I am the founder of Pipeshift, so everything in this post is written with that bias on the table. This is not an objective analysis of ML CI/CD tooling in general.

I am the founder of Pipeshift, so everything in this post is written with that bias on the table. This is not an objective analysis of ML CI/CD tooling in general. It is the specific decisions I made, the constraints that shaped them, and the places where the design is still wrong.

The short version of what Pipeshift does: it gives ML teams a CI/CD pipeline for model delivery -- the same discipline that software teams have had for 15 years, applied to the model-training-to-production lifecycle. A model change triggers a pipeline. The pipeline runs eval gates. If the gates pass, the model is promoted to staging, then production. If they fail, nothing moves. If something breaks post-deployment, rollback is one command and it goes back to the last known-good artifact.
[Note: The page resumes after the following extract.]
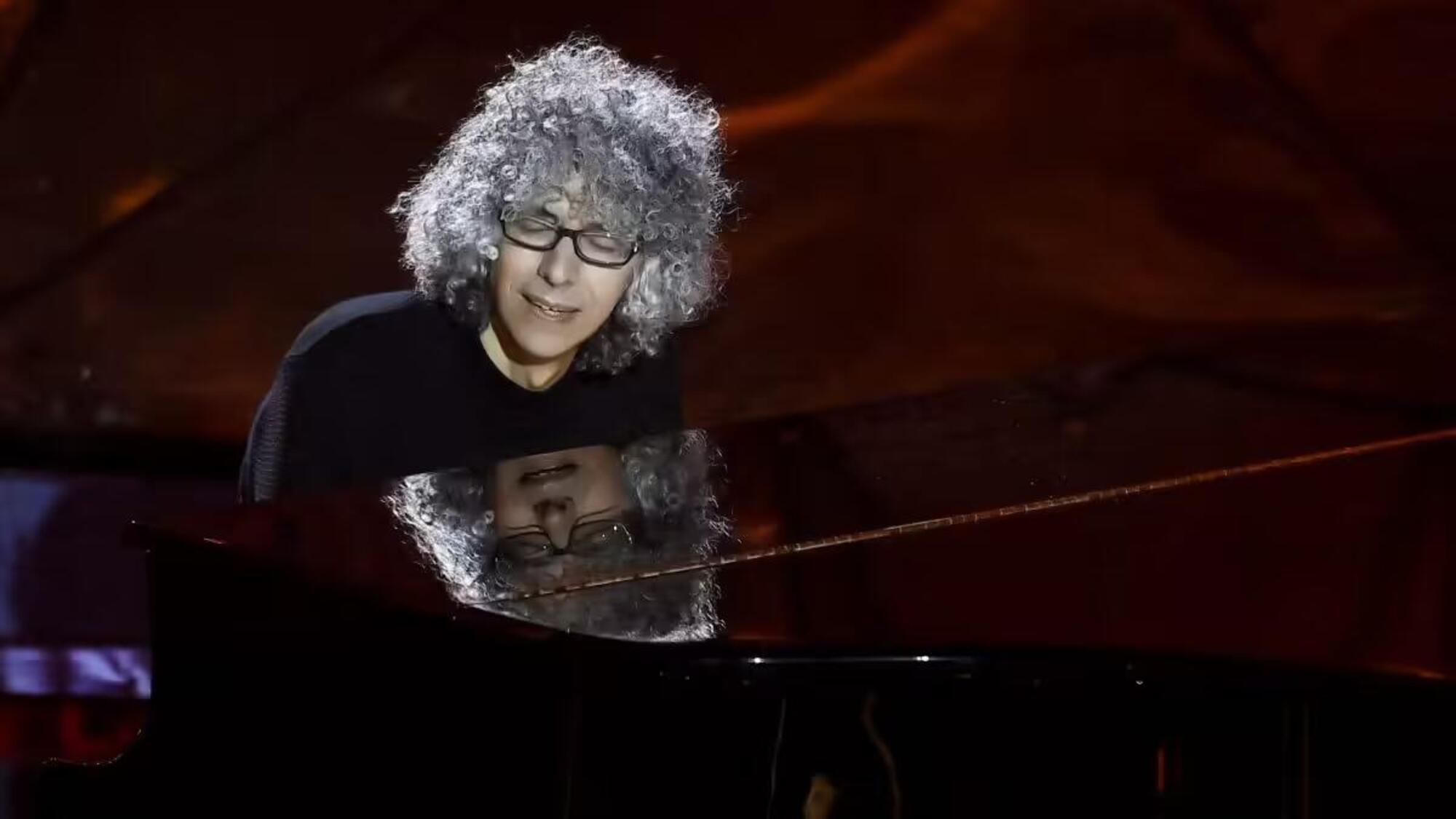 Giovanni Allevi a Sanremo 2024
The hard part of building that is not the pipeline execution itself. The hard part is the atomicity problem: model artifact, eval results, and deployment state are three separate systems, and making a deployment operation that touches all three feel atomic -- while making it actually recoverable when it is not -- took longer than anything else in the codebase.

The execution model: DAG with per-node checkpoints

Pipeshift pipelines are directed acyclic graphs. Each node is a step: data validation, training run, evaluation, packaging, deployment. Edges are explicit dependencies. The graph is defined in a YAML configuration that the pipeline engine ingests and validates at submission time.

I looked at using an existing workflow engine -- Prefect, Temporal, Apache Airflow -- and decided against all of them. The reasons were specific to the ML case.

Airflow's scheduler model was built around scheduled batch jobs. Running it for event-triggered model pipelines that can last anywhere from 10 minutes to 6 hours means carrying a lot of infrastructure that works against the use case. The DAG authoring model is also Python-native, which means the pipeline definition and the execution environment are coupled; that is a problem when the training step runs in a GPU container that is completely different from the environment where the scheduler runs.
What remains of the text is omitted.